Die Ausstellungen im Kunsthaus-Keller zeigt einen Einblick in das vielseitige Schaffen der Künstlerin, sowohl in den verwendeten Techniken als auch in ihren Motiven. Eine ihrer bevorzugten grafischen Techniken ist die Radierung, die sie sowohl als klassischen S/W-Druck als auch in Kombination mit Aquatinta verwendet. In ihren frühen Arbeiten überwiegen noch die realistischen Tendenzen, wie z.B. „Das Torhäuschen“ oder „ St. Blasii“. Je länger sie sich aber mit der Technik beschäftigte, desto freier und mutiger wurde der Umgang mit der Radiernadel.
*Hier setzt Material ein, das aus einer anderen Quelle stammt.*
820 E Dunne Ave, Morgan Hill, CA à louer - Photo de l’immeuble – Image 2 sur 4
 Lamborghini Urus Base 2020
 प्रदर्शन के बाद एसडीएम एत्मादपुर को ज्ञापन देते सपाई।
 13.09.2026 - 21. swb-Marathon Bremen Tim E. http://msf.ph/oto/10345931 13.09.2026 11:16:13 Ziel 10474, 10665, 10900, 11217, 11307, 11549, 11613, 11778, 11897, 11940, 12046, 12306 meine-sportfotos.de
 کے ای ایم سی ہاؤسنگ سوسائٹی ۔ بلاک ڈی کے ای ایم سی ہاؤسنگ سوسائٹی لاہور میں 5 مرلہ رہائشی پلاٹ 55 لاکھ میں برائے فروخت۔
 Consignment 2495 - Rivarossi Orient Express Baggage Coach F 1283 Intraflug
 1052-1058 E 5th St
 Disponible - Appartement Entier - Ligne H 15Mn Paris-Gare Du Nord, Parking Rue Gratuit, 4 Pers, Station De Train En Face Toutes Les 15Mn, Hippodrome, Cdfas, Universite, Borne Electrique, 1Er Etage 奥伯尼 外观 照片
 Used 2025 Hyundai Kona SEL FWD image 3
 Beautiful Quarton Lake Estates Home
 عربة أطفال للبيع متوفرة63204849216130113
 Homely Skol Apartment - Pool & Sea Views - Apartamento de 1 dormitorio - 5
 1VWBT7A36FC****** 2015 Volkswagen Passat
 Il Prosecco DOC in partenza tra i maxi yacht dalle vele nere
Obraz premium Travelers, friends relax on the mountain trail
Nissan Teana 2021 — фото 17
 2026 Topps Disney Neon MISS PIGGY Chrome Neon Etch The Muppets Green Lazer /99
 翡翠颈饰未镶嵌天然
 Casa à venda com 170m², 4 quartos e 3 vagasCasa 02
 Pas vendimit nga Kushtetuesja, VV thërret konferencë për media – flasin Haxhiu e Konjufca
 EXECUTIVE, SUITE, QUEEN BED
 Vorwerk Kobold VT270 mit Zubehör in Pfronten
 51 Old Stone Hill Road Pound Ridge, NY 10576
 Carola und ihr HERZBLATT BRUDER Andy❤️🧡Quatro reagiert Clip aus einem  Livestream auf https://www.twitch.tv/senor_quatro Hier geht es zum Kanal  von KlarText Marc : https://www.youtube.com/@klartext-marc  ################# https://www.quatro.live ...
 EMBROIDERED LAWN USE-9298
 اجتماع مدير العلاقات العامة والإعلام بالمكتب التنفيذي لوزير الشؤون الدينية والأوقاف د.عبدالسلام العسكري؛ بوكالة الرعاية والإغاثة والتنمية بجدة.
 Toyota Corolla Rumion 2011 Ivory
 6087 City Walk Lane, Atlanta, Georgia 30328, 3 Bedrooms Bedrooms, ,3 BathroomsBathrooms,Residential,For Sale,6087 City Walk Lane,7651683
Das sieht man sowohl bei den Landschaftsmotiven als auch an den figürlichen Darstellungen.

Bei ihren Gemälden ließ sich Ulrike Heise gern von Künstlern wie Picasso, Otto Modernsen oder Paula Modersohn Becker inspirieren. Dabei setzt sich die Künstlerin mit den Werken der großen Vorbilder auseinander und interpretiert sie dann auf ihre ganz eigene Weise. Ihre Bilder, sowohl in Figuren als auch Landschaften, zeigen Ulrike Heises besondere Fähigkeit, im scheinbar alltäglichen Motiv den besonderen Reiz zu erkennen. Ulrike Heise gehört auch zu den 33 Künstlerinnen, die mit jeweils einem Werk in der Ausstellung „Die Kunst ist weiblich.“ im Kunsthaus Meyenburg vertreten ist.

Beide Ausstellungen sind noch bis zum 31. Mai im Kunsthaus Meyenburg zu sehen.